- Jail terms of up to 10 years for senior executives found guilty of dishonesty or using their position for personal gain or providing defective disclosure documents to consumers.
- Fines of up to $200 million or 10% of a company’s annual turnover.
- And five years jail for providing false or misleading information to ASIC.
Companies will face fines of more than $200 million and their senior executives 10 year jail terms for corporate wrongdoing under reforms announced by the Federal Government.
The announcement today includes changes to the Corporations Act to increase penalties for serious offences and gives greater powers to the corporate regulator ASIC to ban individuals and revoke licenses.
The penalties include a fine equivalent to 10% of a company’s annual turnover and a five year jail term for making a false statement to ASIC.
Offences carrying a ten year prison term include dishonest conduct as a director, officer or employee of a company, using a position as a director for personal gain, and providing defective disclosure documents to consumers.
Treasurer Scott Morrison says the issues raised at the financial services royal commission go to the behaviour and culture of companies.
“And what we’re announcing today is further action that we have been taking to address that,” he says.
“The punishment must always fit the crime.”
The increased penalties announcement came as the CEO of AMP, Craig Meller, stepped down as the financial giant apologised for its conduct, including misleading the corporate regulator ASIC over the fee for no service issue.
The revelations in the financial services royal commission have exposed details of scandals involving financial planners giving conflicted advice or no advice at all and still charging a fee.

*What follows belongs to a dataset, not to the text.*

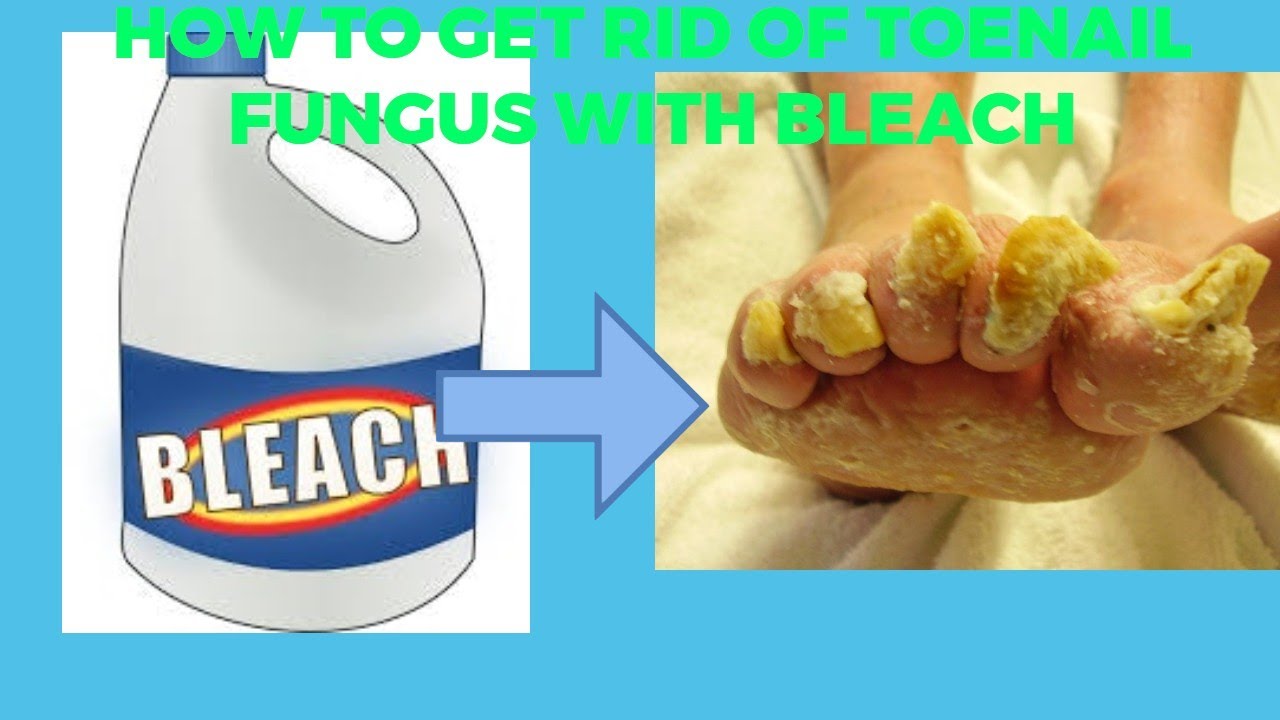 how to get rid of toenail fungus with bleach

Morrison called attention to the boards of directors of companies as guardians of governance.
“It’s not just chief executives here,” says Morrison.
“Boards of these organisations are the custodians, really, of the governance, and I am sure that that will have plenty of attention, as the commission carries on its important work.”
He praised Royal Commissioner Kenneth Hayne, a former High Court judge.
“Commissioner Hayne is running a very tight ship, and he’s doing an outstanding job with the support of his counsel and others who are working there,” says Morrison.
“We need to let him work through that evidence and provide recommendations to the government, which is his task under his terms of reference.”
The latest reforms to ASIC’s powers and penalties follow recommendations made by the ASIC Enforcement Review Taskforce established in October 2016 in response to the Murray Financial System Inquiry.
Among the 43 offences with significant increases in maximum prison terms include providing false or misleading information to ASIC. The penalty for this will be increase to five years jail from two years.